The town of Almeria lies in a broad bay overlooked by mountains. This part of Andalusia is one of the driest regions on the Iberian peninsula - indeed the whole of Europe. Almeria's harbour is one of the busiest on the Spanish Mediterranean coast. Exports include iron ore from the mines in the Sierra de los Filabres and agricultural produce from the Andrax basin and the other valleys along the coastal strip, where early fruit crops are grown under polythene. Thanks to its hot, dry climate in summer and very mild winters - some 3,000 hours of sunshine a year - Almeria has become an important centre for solar energy technology as well as a major tourist centre.

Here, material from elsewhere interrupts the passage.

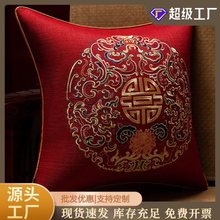 Ytɫʽϲcbɳl׿|͏dо^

Towering over the Old Town are the ruins of the Alcazaba, which can be reached on foot from the Plaza de la Constitucion (Tuesday to Sunday, 9am-8.30pm; winter - reduced times). This imposing fortification consisting of three battlemented compounds was begun under Abd ar Rahman III, the first caliph of Cordoba. The last major additions date from the time of Catholic Monarchs. Excavation work in the second compound has exposed the ground plan of the former palace. The Torre del Homanaje (15th century) and the upper area has largely survived the ravages of time. A defensive wall links the Alcazaba site with the Castillo de San Cristobal on the neighbouring hill.
Almeria's cathedral is sited close to the Plaza de la Constitucion. Work started on the church in 1524, on the site of a mosque destroyed in an earthquake two years earlier. During the 16th century the town was under constant threat from Turkish and Berber pirates, which explains why the main body of the cathedral is fortified with four towers. The severe overall impression is lightened somewhat by Renaissance portals. The most impressive feature of the triple-nave interior is an array of carved choir stalls (1560) by Juan de Orea.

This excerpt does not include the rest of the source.